The newspaper said NHS Test and Trace is preparing for nationwide "surge" testing under which more than 400,000 lateral flow tests, which can provide results in less than 30 minutes, will be sent by post to homes and workplaces every day under a scheme called "Are you ready? Get testing. Go".
Asked about the possibility of expanding the use of lateral flow tests, the department said more than 70% of local authorities in England were already offering rapid testing to those who are unable to work from home and pointed to the drive to widen the availability of quick-result testing to businesses with more than 50 employees.
A DHSC spokesman said: "We have not finalised further plans for testing."
In a possible indication of what Mr Johnson could announce next week, First Minister Nicola Sturgeon has set out a phased return for schools in Scotland.
Primary school children between the ages of four and eight will be back in their classrooms from Monday, along with some senior students needing to do practical work for qualifications - but Ms Sturgeon stressed it was "unlikely" any more youngsters would go back before March 15.

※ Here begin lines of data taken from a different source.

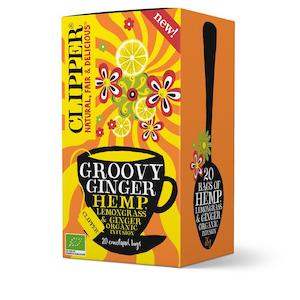 Clipper Groovy Hemp Lemongrass & Ginger Tea - 20 Bags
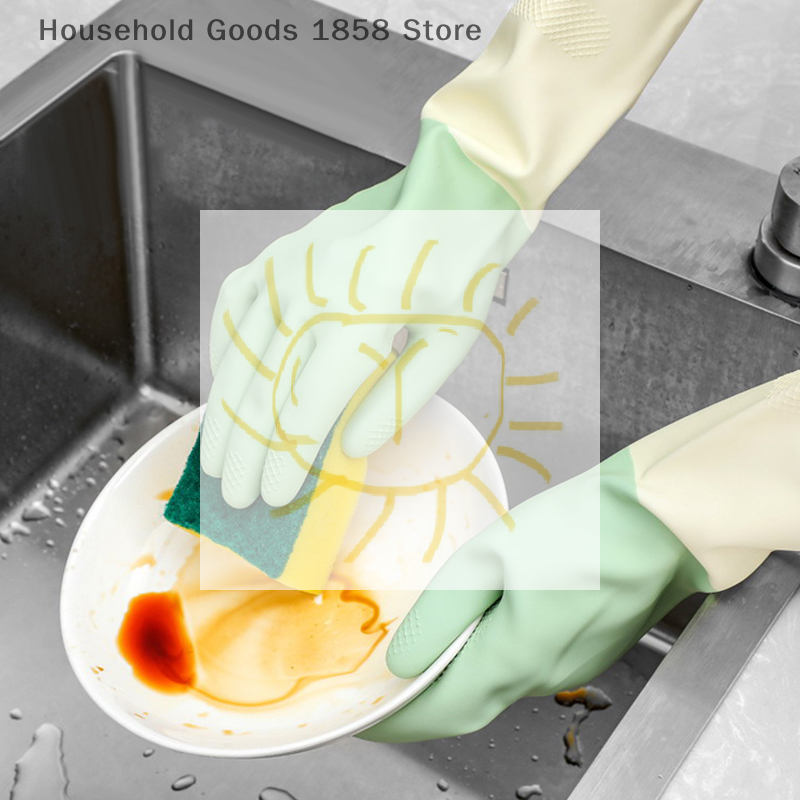 Thickened Kitchen Gloves, Dish – Dish Glove Rubber Bewertung und Preis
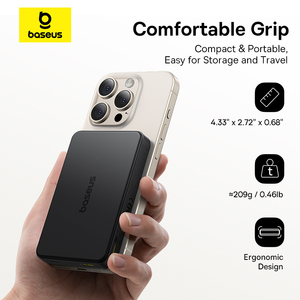 <span class=keywords><strong>Baseus</strong></span> Airpow2 Qi2 Magnetic <span class=keywords><strong>Power</strong></span> <span class=keywords><strong>Bank</strong></span> 10000mAh 22.5W Convient pour iPhone trésor de charge rapide sans fil - Product Image 3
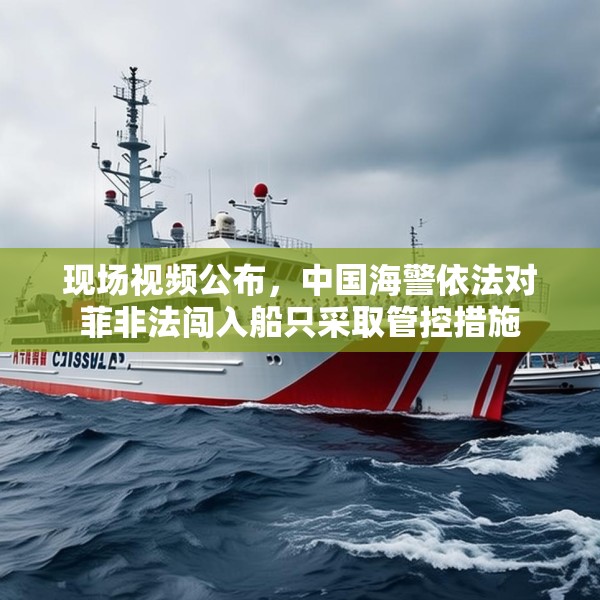 现场视频公布，中国海警依法对菲非法闯入船只采取管控措施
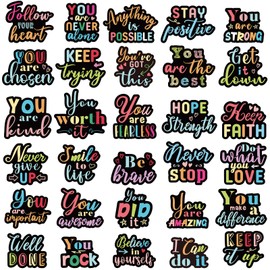 Copkim 30 Pcs Motivational Refrigerator Magnets with Inspirational Sayings Funny Inspirational Magnets for Locker Fridge Encouragement Gifts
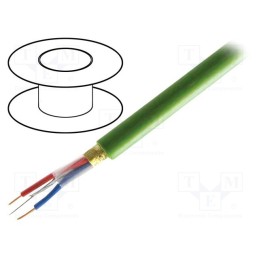 5 m x BELDEN - YE00905.00100 - Wire, 1x2x0.8mm2, EiB/KNX, solid, Cu, FRNC, green, 100m, CPR: Eca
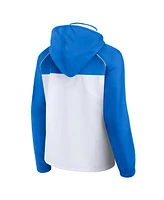 Fanatics Women's White Detroit Lions Full-Zip Anorak Hoodie Jacket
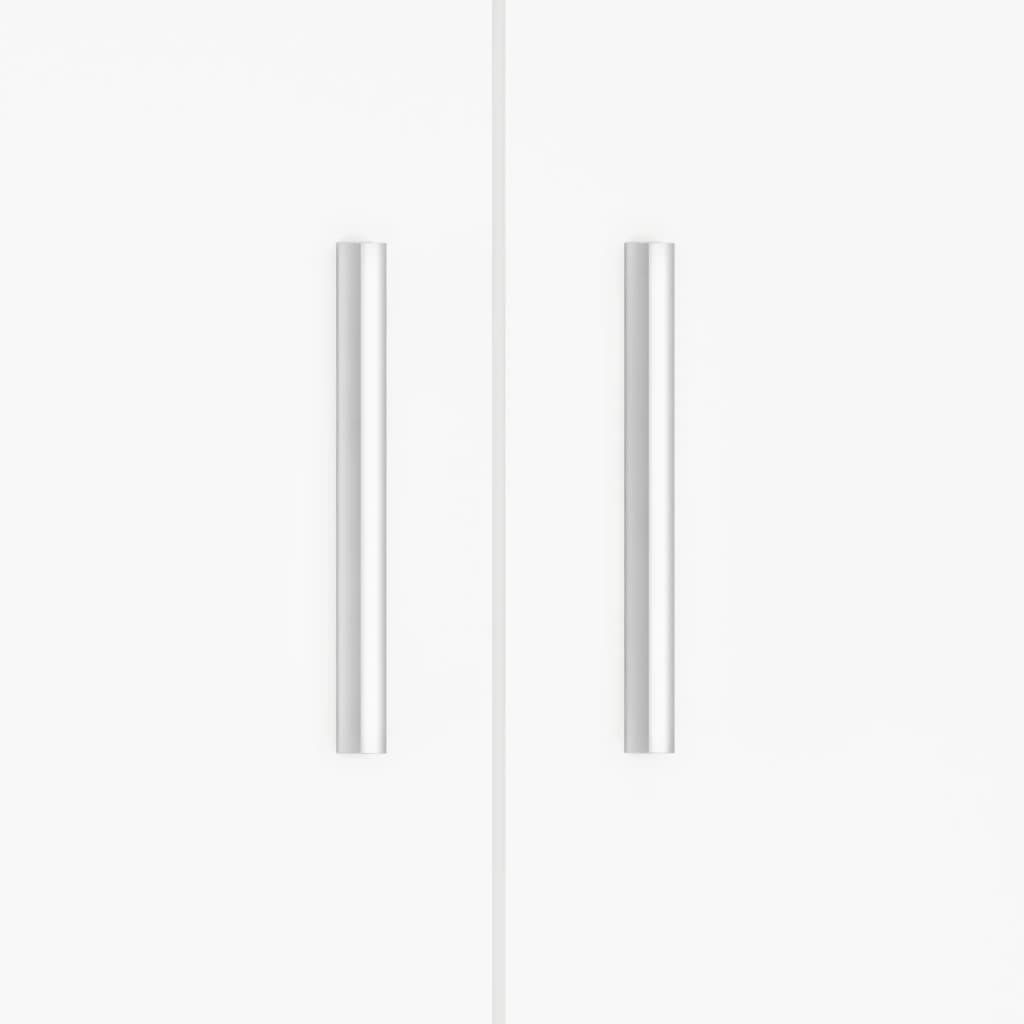 vidaXL Βάση Ενυδρείου Λευκή 101 x 41 x 58 εκ. από Επεξεργασμένο Ξύλο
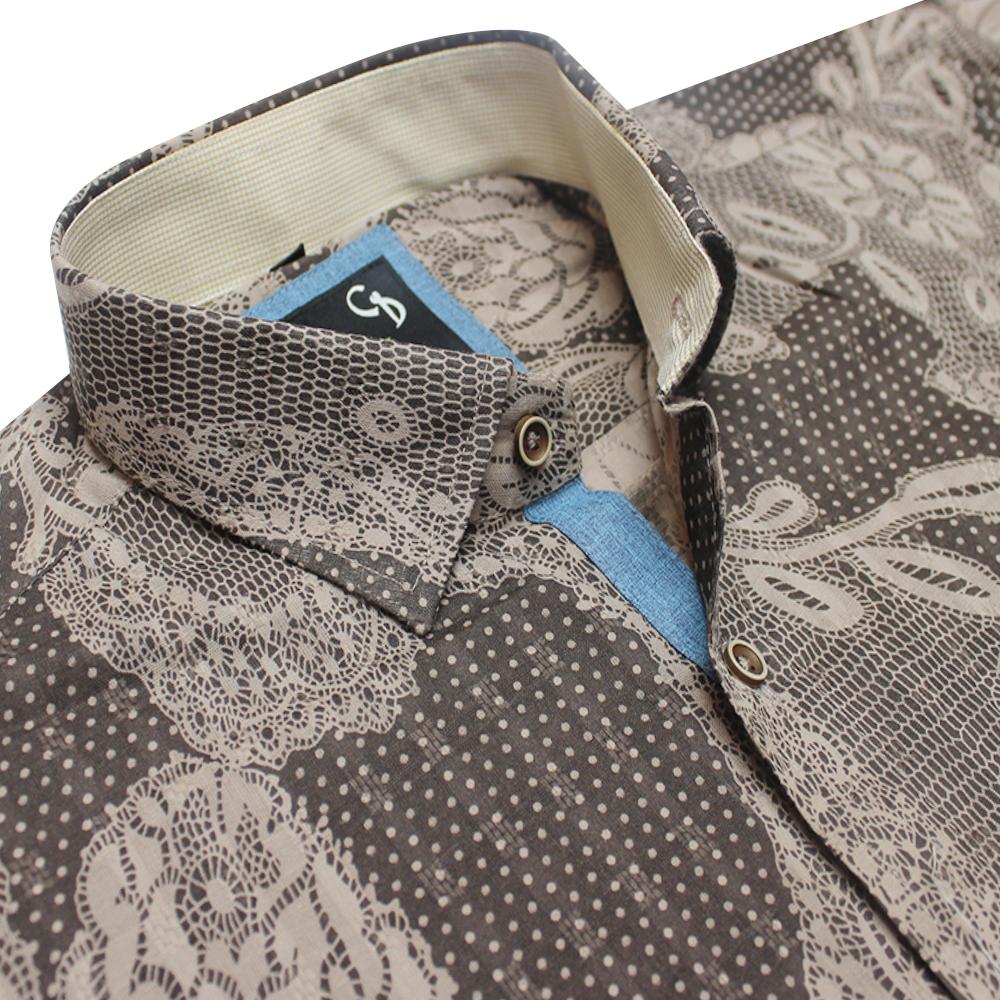 BROWN SUAVE SHIRT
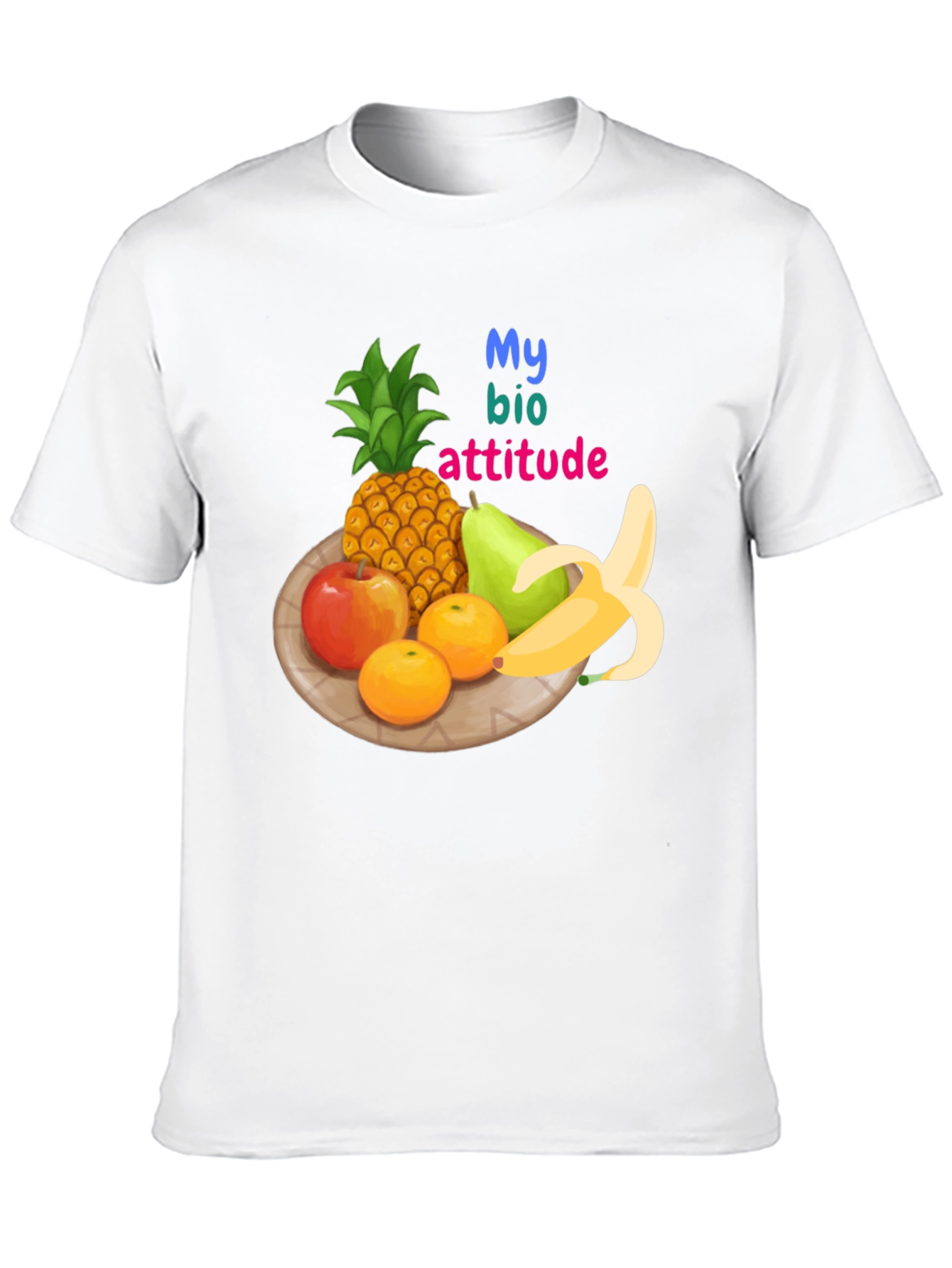 Fruit Bio Attitude Graphic T-Shirt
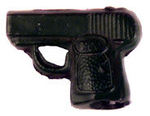 AUTOMATIC PISTOL METAL FIGURAL PENCIL SHARPENER.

The SNP leader was also cautious about holidays, telling people the Government was "likely to advise against booking Easter holidays" either overseas or within Scotland, as it was "highly unlikely" that hotels and self-catering accommodation will have been able to open by then.
For the summer, she said holidays in Scotland "might be" possible - although foreign travel was still "highly unlikely" to be permitted.
In Northern Ireland, the country's education minister said a definitive decision might be made on Thursday about when schools can reopen.
The Stormont Executive has already said it will be March 8 at the earliest before schools can open their gates to more pupils.